# How many of us are Left handed?



## smithnsig (Mar 28, 2012)

All right, how many of you guys shoot and carry left handed? We need to get together and have a swap meet for holsters and stuff. No righties allowed.:whistling:


----------



## Gravity3694 (May 10, 2011)

I'm a lefty, I shoot and carry left handed.

I've found many advantages in shooting left handed.


----------



## scubapro (Nov 27, 2010)

Left eye dominate here - lefty long gun shooter and righty handgun shooter. That makes transition from long gun to handgun easier - trap the long gun with left hand and draw & fire handgun with right hand.


----------



## TraderDan (Jul 25, 2009)

*left hand holsters*

I am no left handed but have 2 very nice left hand holsters for revolvers 1 for a k or N frame S&W 8 3/8" BRAUER BROS and one for a K frame 6" SAFARILAND, if any interest. Both great shape. I really don't use holsters much but really love great leatherwork, and can't seem to leave one behind at a sale.


----------



## rob883 (Oct 3, 2007)

i got 4 left handed rifles


----------



## Gravity3694 (May 10, 2011)

rob883 said:


> i got 4 left handed rifles


I always thought that left handed firearms are stupid. The only exception would possibly be bolt action. It really depends on use though, if you shoot off a rest then a lefty can pull the trigger with the left hand and work the bolt with their right. This combo actually has the advantage of working the bolt faster than solely using the right hand.


----------



## jim t (Sep 30, 2007)

I'm a lefty but right eye dominant. It sucks.

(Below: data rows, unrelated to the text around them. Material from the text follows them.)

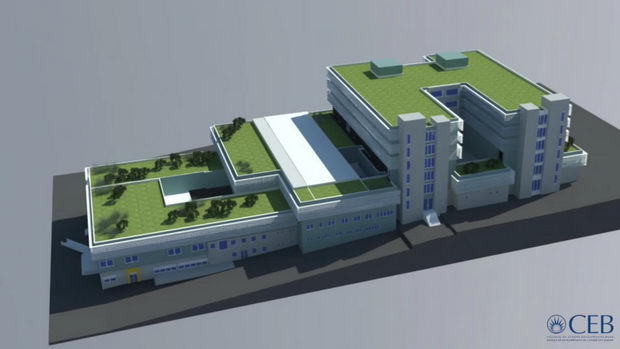 klinickastip04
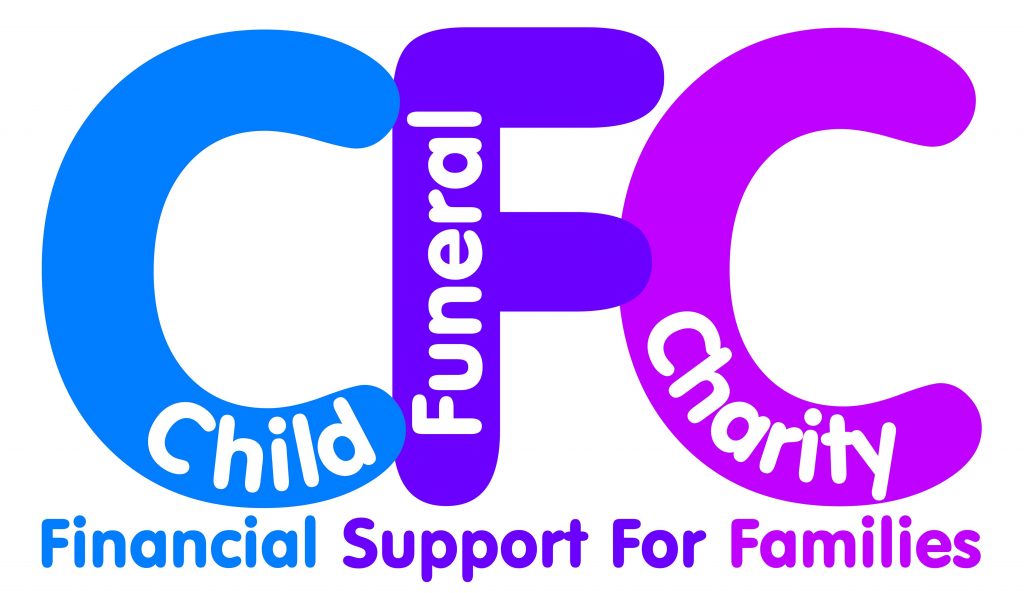 Childrens-Funeral-Charity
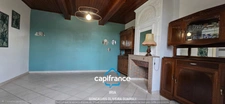 Corps de ferme en Lot-et-Garonne-Propriete à vendre 7 pièces PINEL HAUTERIVE (47)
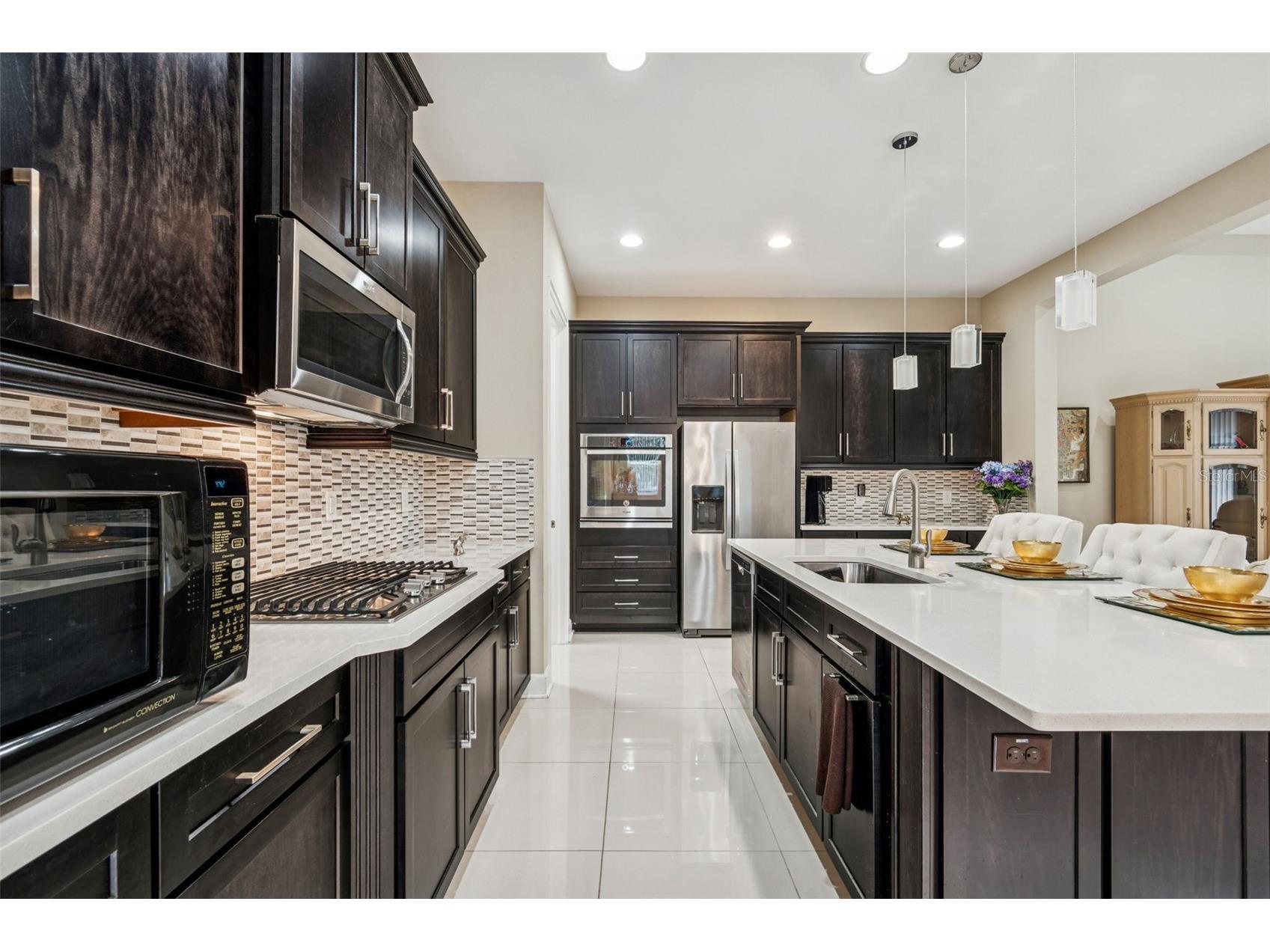 4155 Barletta Court Wesley Chapel FL 33543 TB8464956 image6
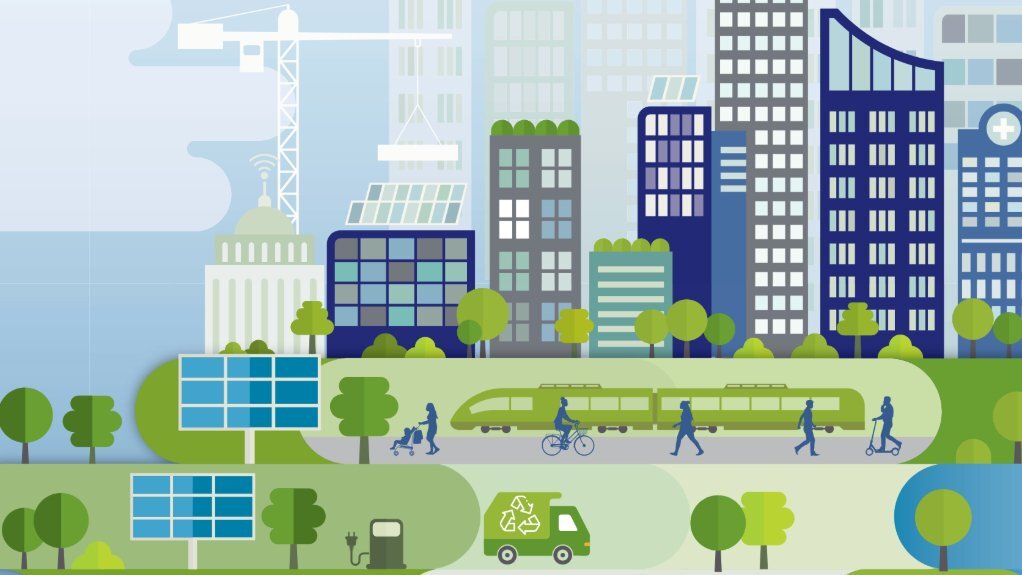 راهکارهای موفقیت مدیریت جمعیت و شهرنشینی در پایتختهای پیشروی جهان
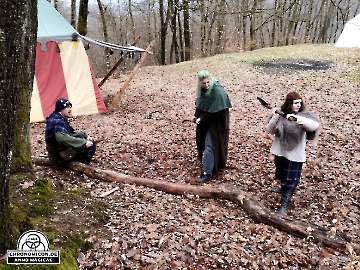 Chronomicon_Anno-Magicae_Baerenau-Epos_06102023-10042023_043_Rollenspiel_RPG_LARP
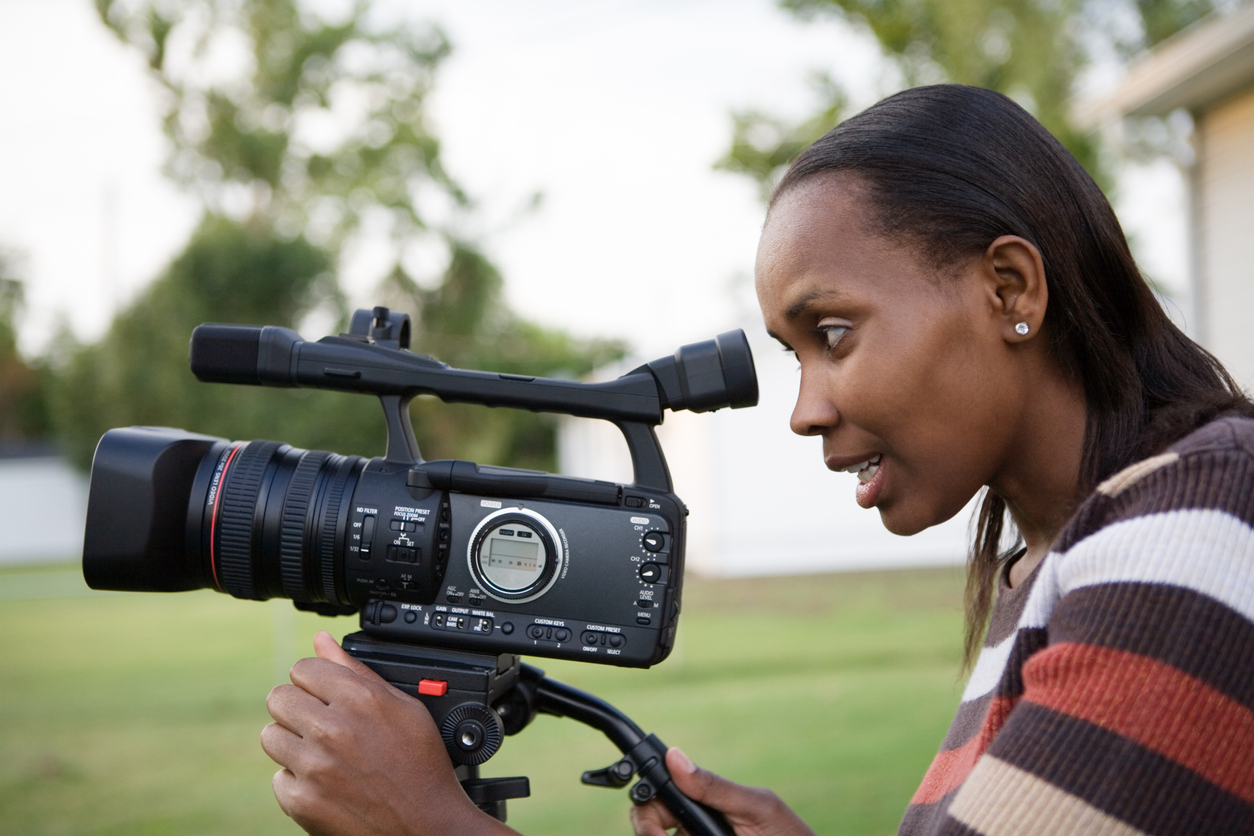 video production company in south africa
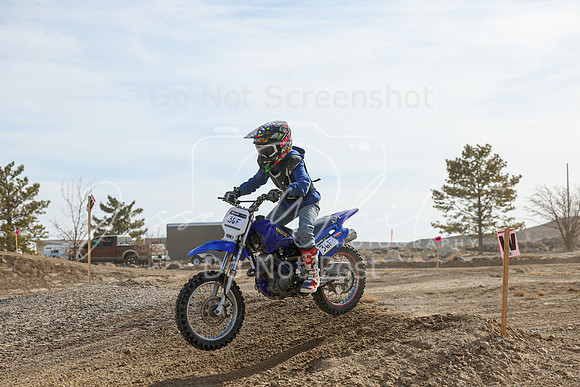 IMG_7317-36f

I shoot a pistol lefty but sorta off balanced. I have not shot a rifle in years, but learned righty.

I also play golf and hit a baseball righty because nobody could teach me lefty.

I fish lefty with a spinning reel, righty with a conventional reel.

I'm always looking for good lefty stuff.

Jim

Jim


----------



## FISHBOXFULL (May 9, 2008)

jim your one of the real mixed up ones.
I havent seen anyone like me yet, I do everything left handed or footed.
In Baseball I hit left handed because of right eye dominant.
I reel with my right hand and control with my left.
I shoot a pistol with my left
I shoot a rifle and bow right handed -right eye dominant -just like swinging in baseball


----------



## reel-crazzzy (Sep 7, 2008)

*south paw*

100% lefty when shooting guns, bow, fishing . ambi when it comes to turning wrenchs on the jeep or woodworkin. never could get the golf club mastered left or right!


----------



## FISHBOXFULL (May 9, 2008)

reel-crazzzy said:


> 100% lefty when shooting guns, bow, fishing . ambi when it comes to turning wrenchs on the jeep or woodworkin. never could get the golf club mastered left or right!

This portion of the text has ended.